Au-delà du cas particulier de cette procédure en cours, ce manque d’entrain de l’exécutif, selon Eric Bocquet, pour lutter contre l’évasion et la fraude fiscale, vient du sommet de l’Etat. « Emmanuel Macron est l’homme d’un système. Ce n’est pas nouveau. C’est ça que nous combattons », soutient le sénateur PCF du Nord, qui « pense qu’Emmanuel Macron est le fondé de pouvoir de ce monde de la finance et des grands groupes.
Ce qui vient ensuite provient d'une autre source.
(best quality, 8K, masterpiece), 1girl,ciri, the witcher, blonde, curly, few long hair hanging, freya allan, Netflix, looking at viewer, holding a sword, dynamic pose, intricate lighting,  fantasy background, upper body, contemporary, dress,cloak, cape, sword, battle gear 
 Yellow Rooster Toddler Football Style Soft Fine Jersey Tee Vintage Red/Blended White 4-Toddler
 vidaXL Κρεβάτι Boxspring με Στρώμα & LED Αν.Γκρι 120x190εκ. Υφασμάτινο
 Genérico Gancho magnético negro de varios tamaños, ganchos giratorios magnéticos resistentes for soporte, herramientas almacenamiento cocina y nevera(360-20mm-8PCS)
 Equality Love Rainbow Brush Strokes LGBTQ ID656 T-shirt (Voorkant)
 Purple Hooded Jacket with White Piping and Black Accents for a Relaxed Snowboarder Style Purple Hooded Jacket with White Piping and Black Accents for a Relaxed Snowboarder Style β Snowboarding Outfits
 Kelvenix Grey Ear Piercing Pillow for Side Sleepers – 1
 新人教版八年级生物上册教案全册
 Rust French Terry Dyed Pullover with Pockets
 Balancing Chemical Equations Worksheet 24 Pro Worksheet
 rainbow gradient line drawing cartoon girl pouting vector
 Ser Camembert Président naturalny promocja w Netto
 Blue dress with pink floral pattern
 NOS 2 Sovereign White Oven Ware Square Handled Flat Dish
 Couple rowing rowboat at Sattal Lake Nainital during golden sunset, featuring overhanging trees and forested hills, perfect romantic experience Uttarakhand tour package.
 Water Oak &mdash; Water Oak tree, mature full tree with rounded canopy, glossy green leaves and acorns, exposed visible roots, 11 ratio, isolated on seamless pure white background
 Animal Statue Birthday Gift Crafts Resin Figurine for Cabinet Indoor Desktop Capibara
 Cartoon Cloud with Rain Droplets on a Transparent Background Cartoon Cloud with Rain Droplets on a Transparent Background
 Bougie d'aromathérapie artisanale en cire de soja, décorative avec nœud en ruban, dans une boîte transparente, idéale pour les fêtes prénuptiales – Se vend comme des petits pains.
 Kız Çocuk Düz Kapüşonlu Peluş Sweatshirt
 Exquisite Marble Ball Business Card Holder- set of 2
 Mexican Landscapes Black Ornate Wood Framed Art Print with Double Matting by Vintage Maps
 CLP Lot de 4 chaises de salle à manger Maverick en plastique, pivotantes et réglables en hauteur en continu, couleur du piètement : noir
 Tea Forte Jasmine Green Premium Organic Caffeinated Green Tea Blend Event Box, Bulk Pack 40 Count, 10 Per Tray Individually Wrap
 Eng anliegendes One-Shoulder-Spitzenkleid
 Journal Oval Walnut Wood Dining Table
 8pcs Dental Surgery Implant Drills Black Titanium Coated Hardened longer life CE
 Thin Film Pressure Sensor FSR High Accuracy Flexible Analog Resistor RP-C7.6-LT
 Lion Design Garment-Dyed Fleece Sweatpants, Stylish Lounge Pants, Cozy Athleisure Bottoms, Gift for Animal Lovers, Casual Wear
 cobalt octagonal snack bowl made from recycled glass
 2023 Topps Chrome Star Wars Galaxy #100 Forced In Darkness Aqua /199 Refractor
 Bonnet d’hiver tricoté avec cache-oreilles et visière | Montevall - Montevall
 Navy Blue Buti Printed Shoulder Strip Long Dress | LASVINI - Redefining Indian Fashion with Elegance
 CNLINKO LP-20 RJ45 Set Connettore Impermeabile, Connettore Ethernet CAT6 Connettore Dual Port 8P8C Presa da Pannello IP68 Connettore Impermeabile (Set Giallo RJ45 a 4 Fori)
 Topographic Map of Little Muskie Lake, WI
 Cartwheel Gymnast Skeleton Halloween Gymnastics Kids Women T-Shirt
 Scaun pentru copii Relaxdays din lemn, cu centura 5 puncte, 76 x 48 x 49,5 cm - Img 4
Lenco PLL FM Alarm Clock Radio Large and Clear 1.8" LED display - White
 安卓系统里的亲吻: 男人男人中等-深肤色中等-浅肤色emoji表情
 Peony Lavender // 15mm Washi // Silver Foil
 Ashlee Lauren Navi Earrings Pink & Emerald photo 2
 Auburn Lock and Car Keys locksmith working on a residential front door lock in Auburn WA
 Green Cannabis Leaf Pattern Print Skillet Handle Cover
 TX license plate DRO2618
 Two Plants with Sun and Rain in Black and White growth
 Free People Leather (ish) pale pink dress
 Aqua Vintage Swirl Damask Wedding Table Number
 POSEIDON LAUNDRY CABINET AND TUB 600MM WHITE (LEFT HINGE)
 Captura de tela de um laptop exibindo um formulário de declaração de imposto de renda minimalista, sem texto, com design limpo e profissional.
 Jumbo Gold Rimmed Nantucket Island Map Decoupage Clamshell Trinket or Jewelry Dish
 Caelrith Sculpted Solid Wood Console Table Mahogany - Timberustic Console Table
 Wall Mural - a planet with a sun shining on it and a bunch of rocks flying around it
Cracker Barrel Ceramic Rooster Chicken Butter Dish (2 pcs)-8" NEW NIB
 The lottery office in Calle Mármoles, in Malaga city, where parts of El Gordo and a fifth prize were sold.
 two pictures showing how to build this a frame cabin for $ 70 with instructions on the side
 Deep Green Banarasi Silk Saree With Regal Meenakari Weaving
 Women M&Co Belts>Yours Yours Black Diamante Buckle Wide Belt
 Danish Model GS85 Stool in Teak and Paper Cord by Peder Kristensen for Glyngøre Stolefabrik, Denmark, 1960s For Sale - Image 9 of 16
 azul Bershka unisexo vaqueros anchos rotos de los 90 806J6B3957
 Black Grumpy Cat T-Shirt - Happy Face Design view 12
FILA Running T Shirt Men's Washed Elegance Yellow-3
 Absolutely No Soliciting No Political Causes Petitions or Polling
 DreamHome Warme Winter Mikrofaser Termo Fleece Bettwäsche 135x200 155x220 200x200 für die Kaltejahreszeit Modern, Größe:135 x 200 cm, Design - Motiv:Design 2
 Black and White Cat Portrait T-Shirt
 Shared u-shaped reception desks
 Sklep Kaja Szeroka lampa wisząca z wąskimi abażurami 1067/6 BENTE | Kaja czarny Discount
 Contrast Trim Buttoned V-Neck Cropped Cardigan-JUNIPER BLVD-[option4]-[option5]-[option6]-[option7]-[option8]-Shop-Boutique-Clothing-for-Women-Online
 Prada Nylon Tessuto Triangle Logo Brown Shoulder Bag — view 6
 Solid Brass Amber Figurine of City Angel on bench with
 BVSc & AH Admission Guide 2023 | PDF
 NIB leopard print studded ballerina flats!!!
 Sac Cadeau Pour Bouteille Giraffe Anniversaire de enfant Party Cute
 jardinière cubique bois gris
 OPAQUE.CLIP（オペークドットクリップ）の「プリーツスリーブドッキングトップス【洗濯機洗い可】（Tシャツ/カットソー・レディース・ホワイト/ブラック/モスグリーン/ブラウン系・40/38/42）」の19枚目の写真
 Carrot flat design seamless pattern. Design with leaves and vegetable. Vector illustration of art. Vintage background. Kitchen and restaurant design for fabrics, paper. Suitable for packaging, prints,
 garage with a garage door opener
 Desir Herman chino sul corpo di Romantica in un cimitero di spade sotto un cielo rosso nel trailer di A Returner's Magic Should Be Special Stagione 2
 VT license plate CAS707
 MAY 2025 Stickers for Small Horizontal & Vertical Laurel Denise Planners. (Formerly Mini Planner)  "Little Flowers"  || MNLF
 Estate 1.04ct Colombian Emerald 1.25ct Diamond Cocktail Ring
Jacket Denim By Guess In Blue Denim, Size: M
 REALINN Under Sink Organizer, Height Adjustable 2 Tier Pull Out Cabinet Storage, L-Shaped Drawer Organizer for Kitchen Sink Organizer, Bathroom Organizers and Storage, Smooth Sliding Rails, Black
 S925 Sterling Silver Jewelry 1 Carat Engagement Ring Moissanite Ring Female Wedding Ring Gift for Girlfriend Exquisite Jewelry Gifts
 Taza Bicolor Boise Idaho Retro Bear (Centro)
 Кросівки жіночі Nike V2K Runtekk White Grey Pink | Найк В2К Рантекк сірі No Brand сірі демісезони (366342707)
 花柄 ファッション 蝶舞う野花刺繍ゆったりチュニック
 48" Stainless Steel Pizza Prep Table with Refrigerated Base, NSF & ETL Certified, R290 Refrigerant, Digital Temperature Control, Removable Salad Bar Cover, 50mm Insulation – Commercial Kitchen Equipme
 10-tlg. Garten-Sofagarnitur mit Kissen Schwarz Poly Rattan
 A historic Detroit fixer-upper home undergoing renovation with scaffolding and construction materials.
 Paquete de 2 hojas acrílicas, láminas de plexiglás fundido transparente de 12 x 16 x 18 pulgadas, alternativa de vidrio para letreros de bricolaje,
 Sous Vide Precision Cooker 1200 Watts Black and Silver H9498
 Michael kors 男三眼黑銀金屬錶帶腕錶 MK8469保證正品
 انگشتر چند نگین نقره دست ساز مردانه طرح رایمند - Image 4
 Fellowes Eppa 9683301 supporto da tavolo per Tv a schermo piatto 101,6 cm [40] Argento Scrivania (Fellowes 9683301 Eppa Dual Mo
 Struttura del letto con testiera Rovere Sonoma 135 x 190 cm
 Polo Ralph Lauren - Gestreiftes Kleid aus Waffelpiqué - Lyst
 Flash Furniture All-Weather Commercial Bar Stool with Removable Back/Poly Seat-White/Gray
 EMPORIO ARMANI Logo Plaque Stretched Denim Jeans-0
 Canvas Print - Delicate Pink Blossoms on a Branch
Au gouvernement, on a d’ailleurs des représentants du CAC 40, avec la ministre des Sports, Amélie Oudéa-Castéra, qui est la femme de Frédéric Oudéa, directeur général de la Société Générale (ce dernier a annoncé qu’il quittera ses fonctions en 2023, ndlr). Les liens sont étroits, on le sait ».

« Ils ont des intérêts qui dépassent les nôtres. Il y a manifestement une bienveillance. Vous voyez bien comment ça s’est passé pour McKinsey, la position de Bercy par rapport au mensonge et au faux témoignage de McKinsey devant la commission d’enquête du Sénat », ajoute la centriste Nathalie Goulet, qui pense que « ce qu’il se passe avec General Electric doit se passer avec des dizaines d’entreprises. C’est inacceptable ». Le sénateur LR Cédric Perrin voit une autre explication plus prosaïque : « La problématique de General Electric vis-à-vis du gouvernement est simple. Ils ont 15.000 ou 17.000 emplois en France. Certains n’ont pas envie de les chatouiller de trop près, de crainte des conséquences sur d’autres sites. Mais à un moment donné, est-ce qu’on peut faire tout et n’importe quoi ? » Pour l’heure, on attend encore la réponse de Bruno Le Maire et d’Emmanuel Macron.